The spark looks great, the one thing I do really like about it is you could quite easily fly it indoors which considering the weather in Scotland would probably mean I would use it more ! However after I saw the price you can get the Mavic for I think I would rather have that. The spark without the controls is £500 or £700 with plus and extra battery i think.

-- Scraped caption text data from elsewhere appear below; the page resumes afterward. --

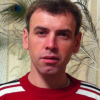 Сергей, Россия, Новосибирск, 49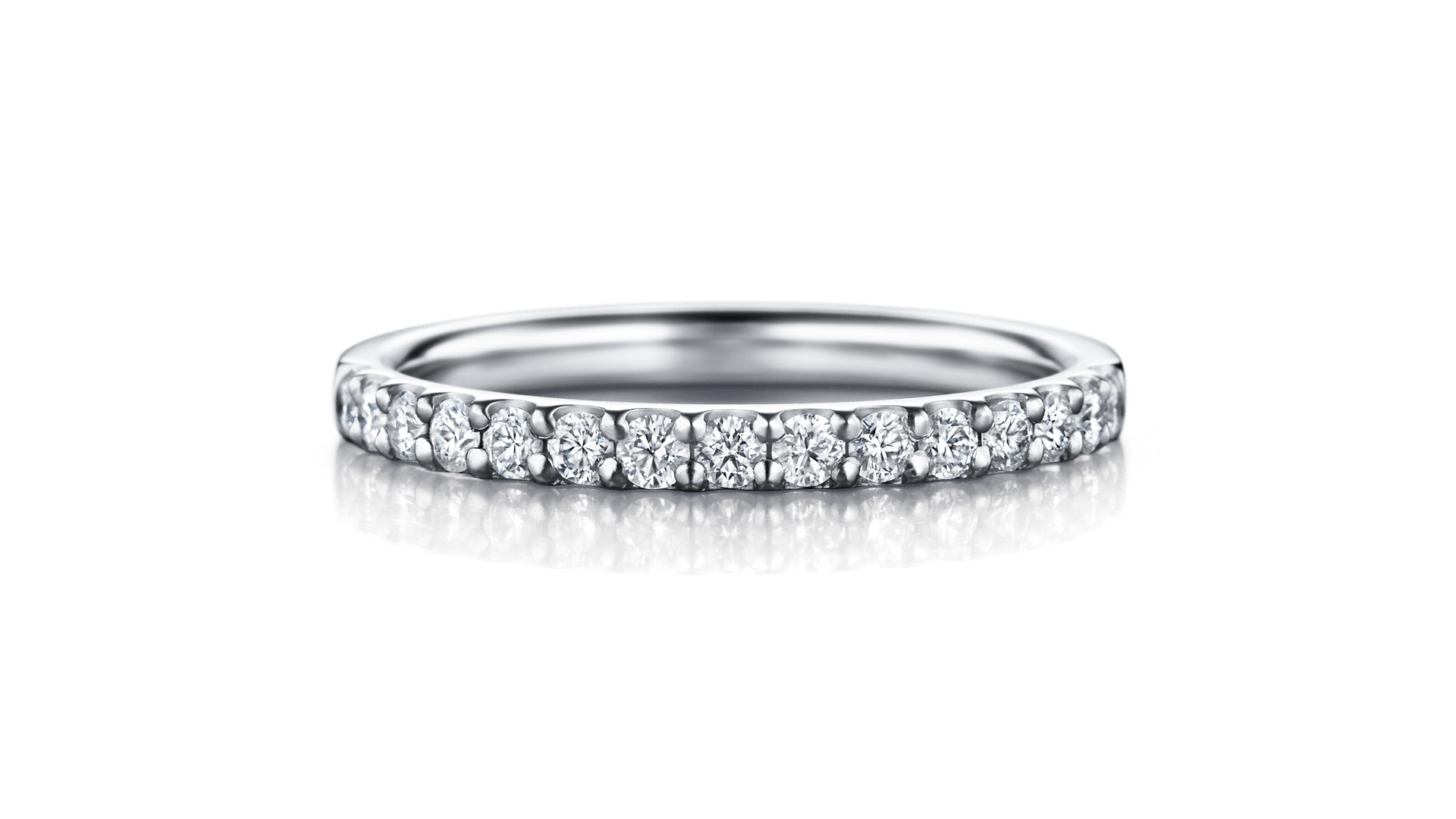 エタニティリング一覧｜カップルに人気の婚約指輪,結婚指輪はI-PRIMO 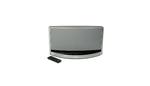 bose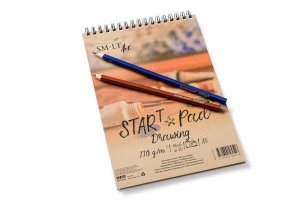 Kalia-sklep.pl - 5ps-20-170-ts-smltart-star-t-drawing-1786002828.jpg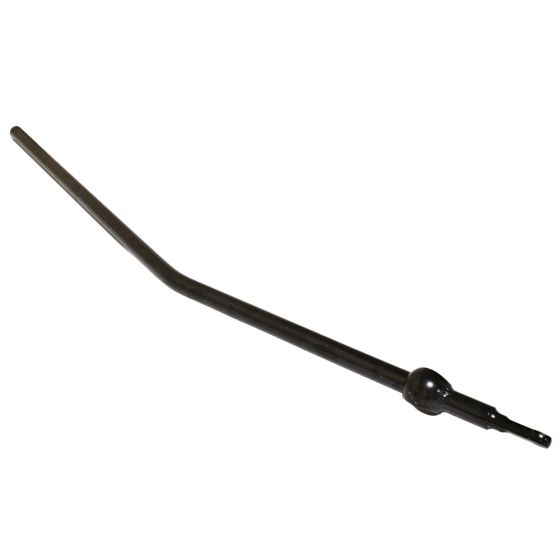 Gear Lever for Dana Spicer 401 gearbox fitted 2 & 3 ton dumpers - T54002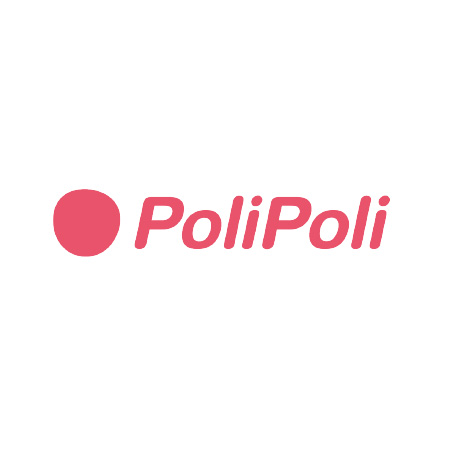 株式会社　PoliPoli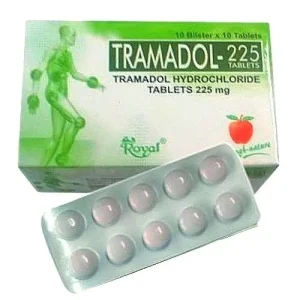 Tramadol-225mg-300x300-1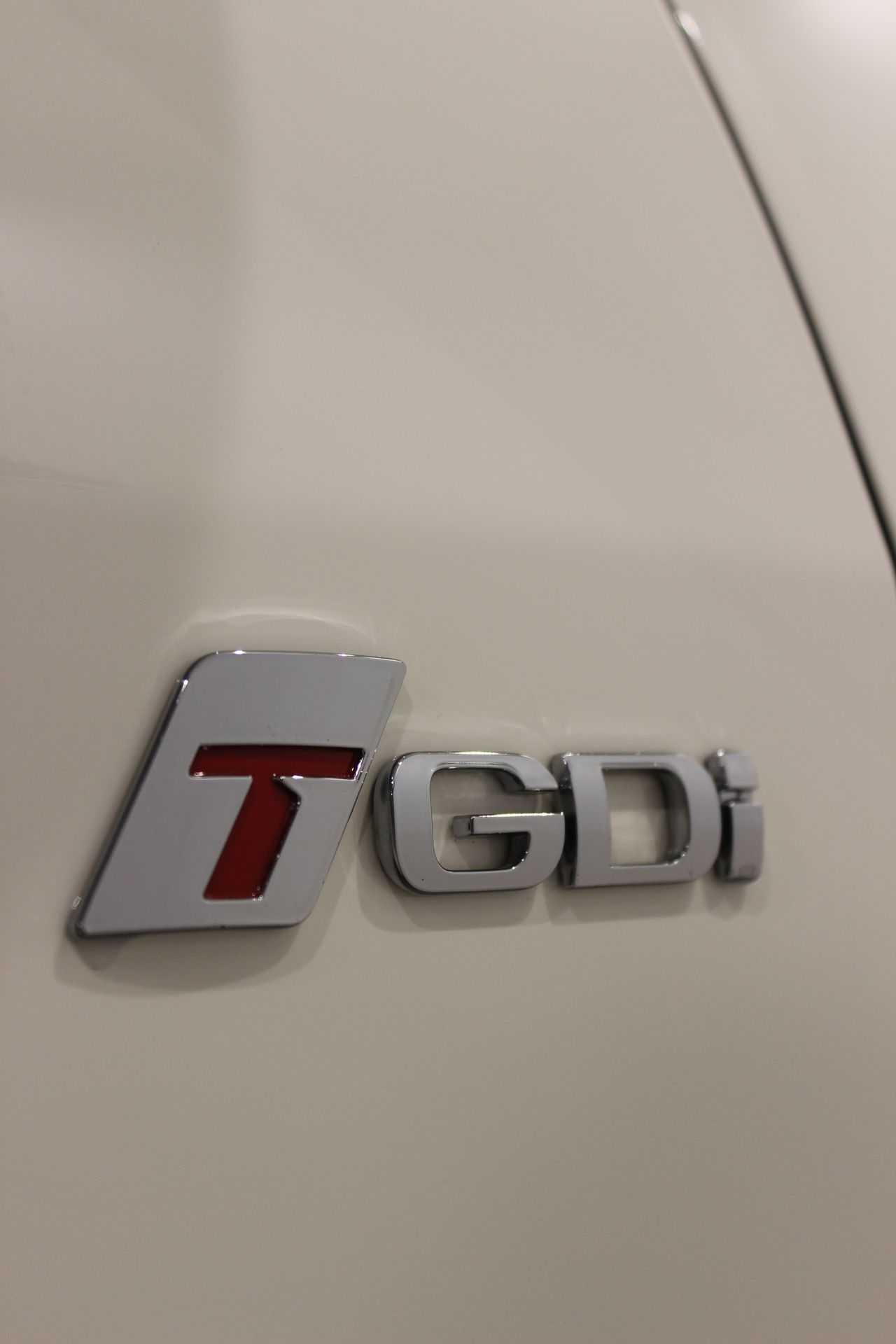 SsangYong Tivoli G12T 4x2 Urban Plus - Foto 26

Can't make my mind up plus don't know if it's best to wait for the new mavic to come out.....


----------



## Liam_89 (Mar 17, 2011)

Well the mavic is 4K and the spark is 1080p,
If you have 4K tv then it looks great,
Spark is more selfie drone than actual professional aerial platform,
Can still fly the mavic like the spark with only phone as controller if you wish,
Just can't see why anyone would pay £699 for the spark and controller when can get mavic for £770 :wall:


----------



## markcaughey (Apr 3, 2015)

Still no sign of them in stock yet 

They are on eglobal but think they may be China Models  They also have the Spark for £435 I have sent them a message to find out if they are Uk models etc


----------



## jr2007 (Oct 5, 2016)

£770 is a great price! I got mine for £850ish and that was with employee discount. For anyone on the fence, here is a video I made using the DJI app on my phone


----------



## Liam_89 (Mar 17, 2011)

I didn't get the flymore bundle just the drone itself from TechintheBasket,
Just bought myself another 2 spare batteries whilst on decent price on amazon,
And a real nice hard carry case for it,
Still figuring out the camera settings on the mavic as they're a bit different to what I had on my phantom 3 pro,
Anyway here's the first video i shot on the mavic the day it arrived...


----------



## H-M3 (Jul 13, 2006)

just to resurrect the thread. How are the drones going? If anyone gets bored and wants to get rid of their magic ps let me know.


----------



## RandomlySet (Jul 10, 2007)

haha.... People who get them either love them and don't get fed up, or, buy them thinking it will instantly give them awesome shots and then quickly get fed up of flying over fields etc lol


----------